After discovering the source of the lead, public health officials turned their attention to how families came into possession of the casings and found that junk dealers who recycled lead batteries gave away the wooden battery casings to locals desperate for fuel during the Depression. Armed with this knowledge, the city of Baltimore stopped junkyards from giving away casings, the local Family Welfare Council provided families with alternative fuel instead, and Baltimore emerged as the most proactive city in the country in grappling with the potential of lead poisoning among the citizenry. Indeed, Baltimore’s example and alerts from public health officials such as Huntington Williams drew attention to similar problems in other cities in the United States.

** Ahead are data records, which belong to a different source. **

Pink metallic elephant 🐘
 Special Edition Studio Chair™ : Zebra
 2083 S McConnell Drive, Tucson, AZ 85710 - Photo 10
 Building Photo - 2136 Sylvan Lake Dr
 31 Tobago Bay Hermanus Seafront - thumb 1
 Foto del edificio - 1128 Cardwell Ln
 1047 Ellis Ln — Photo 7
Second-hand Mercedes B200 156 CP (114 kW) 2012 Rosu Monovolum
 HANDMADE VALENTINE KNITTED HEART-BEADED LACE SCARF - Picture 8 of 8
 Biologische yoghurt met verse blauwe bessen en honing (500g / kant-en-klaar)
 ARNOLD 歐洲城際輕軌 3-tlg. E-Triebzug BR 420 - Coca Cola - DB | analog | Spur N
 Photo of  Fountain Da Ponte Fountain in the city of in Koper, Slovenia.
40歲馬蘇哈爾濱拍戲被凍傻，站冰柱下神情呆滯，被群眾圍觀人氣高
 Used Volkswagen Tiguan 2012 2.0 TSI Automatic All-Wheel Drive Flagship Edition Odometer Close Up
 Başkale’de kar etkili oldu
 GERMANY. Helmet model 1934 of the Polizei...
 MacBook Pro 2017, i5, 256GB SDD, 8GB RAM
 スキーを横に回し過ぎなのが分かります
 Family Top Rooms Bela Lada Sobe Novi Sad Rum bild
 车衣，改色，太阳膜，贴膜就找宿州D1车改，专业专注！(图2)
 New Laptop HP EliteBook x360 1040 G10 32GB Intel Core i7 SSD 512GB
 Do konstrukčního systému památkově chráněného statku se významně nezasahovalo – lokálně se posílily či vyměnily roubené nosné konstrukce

But it was no single individual or agency bureaucracy that discovered the cause of what was poisoning the children of Baltimore. It was instead the working-class people such as Melrose Easter who discovered it, thanks to their knowledge and understanding of the environmental health dangers that chronically plagued them, their neighborhoods, and their families. As the lead water crisis in Flint continues to unfold, it is heartening to see some recognition among public health officials of the need to take non-expert community knowledge seriously, even as well-deserved praise is accorded to key scientists such as Mona Hanna-Attisha, the pediatrician who first alerted authorities to abnormally high blood lead levels in Flint’s children, and Marc Edwards, the Virginia Tech engineer who did much to show how the poisoning had happened.”
Many stories of public health discoveries are indeed stories of the applied genius of medical experts. But as the Baltimore lead poisoning epidemic of 1932 demonstrated, those discoveries are almost always at base the product of many people, including those rarely considered to be scientific or medical experts.